YABANCILAR HEMEN ANLADI
İspanyol ve İtalyan alıcıların aradaki farkı anlamasının ardından ibrenin yeniden Aydın ve Edremit Körfezi bölgesine döndüğünü dile getiren Çetin, "Tariş ne zamana kadar tek alıcı oldu; zeytinyağında dökme ihracatı başlayana kadar. İspanyol ve İtalyan alıcıların gemileri İzmir limanına gelip, daha önce beğendikleri ve aldıkları yağları talep ettiler. Edremit Körfez Bölgesi zeytinyağı istediler. Güney bölgelerinden gelen Edremit tipi zeytinyağlarını hemen anladılar.

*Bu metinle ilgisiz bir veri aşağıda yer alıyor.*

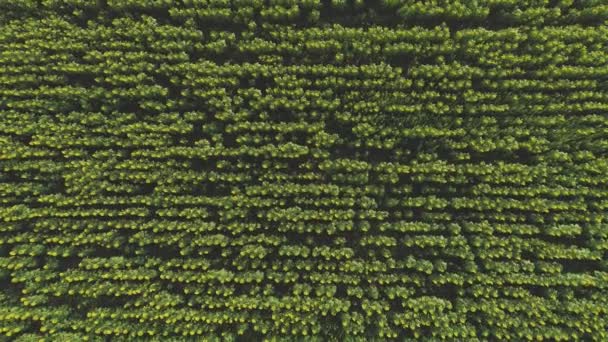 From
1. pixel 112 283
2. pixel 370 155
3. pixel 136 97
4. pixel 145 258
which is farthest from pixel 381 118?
pixel 112 283

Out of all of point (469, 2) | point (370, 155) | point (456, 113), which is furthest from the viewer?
point (370, 155)

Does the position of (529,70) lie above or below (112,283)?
above

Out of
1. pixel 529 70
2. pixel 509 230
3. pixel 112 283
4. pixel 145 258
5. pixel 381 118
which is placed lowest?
pixel 112 283

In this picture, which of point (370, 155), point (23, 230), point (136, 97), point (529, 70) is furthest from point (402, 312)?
point (23, 230)

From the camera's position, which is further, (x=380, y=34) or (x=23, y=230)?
(x=23, y=230)

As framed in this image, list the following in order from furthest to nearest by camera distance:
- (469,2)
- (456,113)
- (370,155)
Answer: (370,155) < (456,113) < (469,2)

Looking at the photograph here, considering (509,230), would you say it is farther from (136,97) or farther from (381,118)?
(136,97)

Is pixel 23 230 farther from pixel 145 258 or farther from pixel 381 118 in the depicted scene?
pixel 381 118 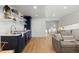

Bizim tüketici yıllarca oranın buranın yağını 'Körfez yağı' diye kullandı, karışık yağları yemeye alıştığı için bunun farkına varamadı. Ama yabancılar anladı" dedi. "Bazı firmalar sızmayı, sızma deyip geçiyor" diyen Çetin, şöyle konuştu:
TÜKETİCİYE SAYGISIZLIK
"Ama biz 'Kuzey Ege', 'Güney Ege' sızması olarak ayırıyoruz. Bunlarında ayrılması lazım ama karışım olarak tüketiciye sunuluyor. Hem üreticinin ürününe hem de tüketiciye saygısızlık oluyor. Bunun için bölgesel farklılıklara tüketicinin farkını çekmek istedik. Ve bir reklam kampanyası başlattık. Ve gücümüz yettiğince yapacağız. Öküzgözü diye şarap içiyorsun ama o öküzgözü Elazığ yöresinin değil. Zeytinyağı karakter kazanıyor. Bütün yağlar karakterlidir ama karakterini saklarsan, memleketini saklarsan karakterden çıkıyor iş. Memleketini, menşeini, çıkış noktasını şişenin üstüne yazarak, karakterini belirtiyoruz."